What is a mitral valve prolapse?                              

Mitral valve prolapse is a deformity of the mitral valve that sometimes causes the mitral to produce a sound called a heart murmur, which a doctor can hear through a stethoscope. This condition affects a higher percentage of women than men and its cause is unknown. The etiology is possibly attributed to an inherited weakness in the valve’s connective tissue, which causes it to bulge. Also, the deformity could result from rheumatic fever or cardiomyopathy (a degenerative disease of the heart muscle). Although most people who have mitral prolapse demonstrate no symptoms, some of the common symptoms include chest pains, irregular heartbeats, shortness of breath, and fatigue.            

                                                                          

What is pulmonary hypertension?                                    

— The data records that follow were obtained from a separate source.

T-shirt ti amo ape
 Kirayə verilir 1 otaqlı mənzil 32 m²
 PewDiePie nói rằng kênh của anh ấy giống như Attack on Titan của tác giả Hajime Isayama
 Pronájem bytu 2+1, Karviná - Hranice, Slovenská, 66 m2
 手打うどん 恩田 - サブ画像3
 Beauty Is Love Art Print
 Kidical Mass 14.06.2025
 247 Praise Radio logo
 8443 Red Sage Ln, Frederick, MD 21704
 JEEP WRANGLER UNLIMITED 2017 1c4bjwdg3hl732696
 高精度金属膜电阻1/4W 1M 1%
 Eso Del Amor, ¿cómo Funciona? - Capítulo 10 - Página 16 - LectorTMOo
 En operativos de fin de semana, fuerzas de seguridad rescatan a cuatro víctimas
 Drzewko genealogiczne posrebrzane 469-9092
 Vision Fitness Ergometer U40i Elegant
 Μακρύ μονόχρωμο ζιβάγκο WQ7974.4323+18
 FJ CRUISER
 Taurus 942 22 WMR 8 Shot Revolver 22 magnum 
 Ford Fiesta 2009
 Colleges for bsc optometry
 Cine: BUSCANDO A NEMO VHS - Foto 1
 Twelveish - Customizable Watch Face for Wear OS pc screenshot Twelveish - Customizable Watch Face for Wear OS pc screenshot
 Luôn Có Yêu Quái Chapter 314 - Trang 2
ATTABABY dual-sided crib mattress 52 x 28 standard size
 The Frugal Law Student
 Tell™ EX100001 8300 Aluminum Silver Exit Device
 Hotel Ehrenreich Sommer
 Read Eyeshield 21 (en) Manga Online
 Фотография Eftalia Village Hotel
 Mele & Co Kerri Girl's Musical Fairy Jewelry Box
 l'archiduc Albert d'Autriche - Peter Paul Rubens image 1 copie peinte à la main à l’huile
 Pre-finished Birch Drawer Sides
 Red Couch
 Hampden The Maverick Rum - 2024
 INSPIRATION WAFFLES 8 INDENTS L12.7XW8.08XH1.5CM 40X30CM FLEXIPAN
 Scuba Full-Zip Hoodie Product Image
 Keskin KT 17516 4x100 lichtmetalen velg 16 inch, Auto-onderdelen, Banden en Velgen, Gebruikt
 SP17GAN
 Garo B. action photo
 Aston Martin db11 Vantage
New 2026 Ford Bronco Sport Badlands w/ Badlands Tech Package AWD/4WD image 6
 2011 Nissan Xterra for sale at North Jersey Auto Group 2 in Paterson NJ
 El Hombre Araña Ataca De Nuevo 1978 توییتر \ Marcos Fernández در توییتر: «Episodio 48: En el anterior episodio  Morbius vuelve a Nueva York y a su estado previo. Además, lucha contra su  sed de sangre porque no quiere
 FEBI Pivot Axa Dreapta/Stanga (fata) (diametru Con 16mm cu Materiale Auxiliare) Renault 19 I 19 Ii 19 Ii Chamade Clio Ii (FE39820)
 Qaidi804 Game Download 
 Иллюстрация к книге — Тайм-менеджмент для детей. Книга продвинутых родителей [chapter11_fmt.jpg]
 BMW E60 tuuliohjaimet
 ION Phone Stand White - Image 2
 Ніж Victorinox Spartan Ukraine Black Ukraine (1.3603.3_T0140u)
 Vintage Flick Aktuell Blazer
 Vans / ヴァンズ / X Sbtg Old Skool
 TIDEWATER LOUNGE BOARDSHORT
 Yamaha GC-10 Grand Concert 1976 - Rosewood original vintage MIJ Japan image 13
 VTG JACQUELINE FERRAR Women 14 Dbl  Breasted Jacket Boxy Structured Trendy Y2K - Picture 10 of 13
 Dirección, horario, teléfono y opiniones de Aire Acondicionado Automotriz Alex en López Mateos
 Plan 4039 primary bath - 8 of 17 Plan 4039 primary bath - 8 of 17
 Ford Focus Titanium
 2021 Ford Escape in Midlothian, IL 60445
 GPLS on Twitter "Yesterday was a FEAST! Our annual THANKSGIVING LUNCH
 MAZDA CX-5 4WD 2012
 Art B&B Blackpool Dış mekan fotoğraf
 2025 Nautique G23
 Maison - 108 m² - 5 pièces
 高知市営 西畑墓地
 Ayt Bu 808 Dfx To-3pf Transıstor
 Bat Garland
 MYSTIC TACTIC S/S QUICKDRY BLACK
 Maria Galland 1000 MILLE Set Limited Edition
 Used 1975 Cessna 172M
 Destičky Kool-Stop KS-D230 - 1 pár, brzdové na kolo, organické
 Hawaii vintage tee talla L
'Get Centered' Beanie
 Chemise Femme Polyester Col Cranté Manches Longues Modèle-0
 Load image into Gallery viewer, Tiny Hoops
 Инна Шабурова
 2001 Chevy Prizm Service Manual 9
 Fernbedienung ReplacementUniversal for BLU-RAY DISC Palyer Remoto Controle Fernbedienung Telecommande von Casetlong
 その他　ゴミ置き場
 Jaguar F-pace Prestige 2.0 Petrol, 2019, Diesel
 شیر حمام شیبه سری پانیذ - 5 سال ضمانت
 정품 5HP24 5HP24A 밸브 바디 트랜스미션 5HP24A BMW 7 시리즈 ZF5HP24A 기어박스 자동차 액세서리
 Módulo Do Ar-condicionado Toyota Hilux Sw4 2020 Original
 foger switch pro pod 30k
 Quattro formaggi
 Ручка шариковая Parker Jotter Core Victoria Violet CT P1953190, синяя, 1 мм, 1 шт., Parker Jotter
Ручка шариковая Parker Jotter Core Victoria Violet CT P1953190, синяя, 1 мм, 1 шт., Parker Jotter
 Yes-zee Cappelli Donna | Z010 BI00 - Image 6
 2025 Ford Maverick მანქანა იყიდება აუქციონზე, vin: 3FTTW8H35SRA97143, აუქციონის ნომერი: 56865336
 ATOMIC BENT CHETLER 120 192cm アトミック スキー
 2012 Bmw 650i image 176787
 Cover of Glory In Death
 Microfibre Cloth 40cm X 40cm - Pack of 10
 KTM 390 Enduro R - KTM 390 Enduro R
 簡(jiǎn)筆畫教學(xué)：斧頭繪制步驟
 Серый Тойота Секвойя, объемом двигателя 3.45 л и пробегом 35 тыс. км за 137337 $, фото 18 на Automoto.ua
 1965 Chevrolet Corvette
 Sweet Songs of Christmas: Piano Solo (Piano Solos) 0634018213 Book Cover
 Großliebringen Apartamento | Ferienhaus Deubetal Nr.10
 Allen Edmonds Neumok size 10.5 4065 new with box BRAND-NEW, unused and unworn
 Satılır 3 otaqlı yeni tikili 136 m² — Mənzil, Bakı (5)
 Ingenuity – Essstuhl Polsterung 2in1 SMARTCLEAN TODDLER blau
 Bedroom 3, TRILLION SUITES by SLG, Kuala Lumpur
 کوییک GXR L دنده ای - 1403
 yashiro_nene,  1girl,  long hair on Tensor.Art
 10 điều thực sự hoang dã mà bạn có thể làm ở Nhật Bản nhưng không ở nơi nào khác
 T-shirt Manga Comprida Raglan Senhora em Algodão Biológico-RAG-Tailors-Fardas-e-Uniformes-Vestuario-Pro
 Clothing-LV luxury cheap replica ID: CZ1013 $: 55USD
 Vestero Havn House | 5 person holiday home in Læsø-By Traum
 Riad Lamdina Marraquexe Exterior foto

Pulmonary hypertension refers to elevated blood pressure in the lungs. This disorder can result from any disease that obstructs the flow of blood or oxygen through the lungs. Whatever the cause, the result is usually an increase in pressure within the pulmonary arteries, which leads to the thickening of the arteries over time. Poor circulation causes the right side of the heart to enlarge and the subsequent increase in workload eventually leads to heart failure. Studies have shown women to be 5 times more likely than men to develop pulmonary hypertension. Pulmonary hypertension often presents with no symptoms until the condition has progressed to advanced stages, with the most common being swollen ankles and a bluish tinge on your skin.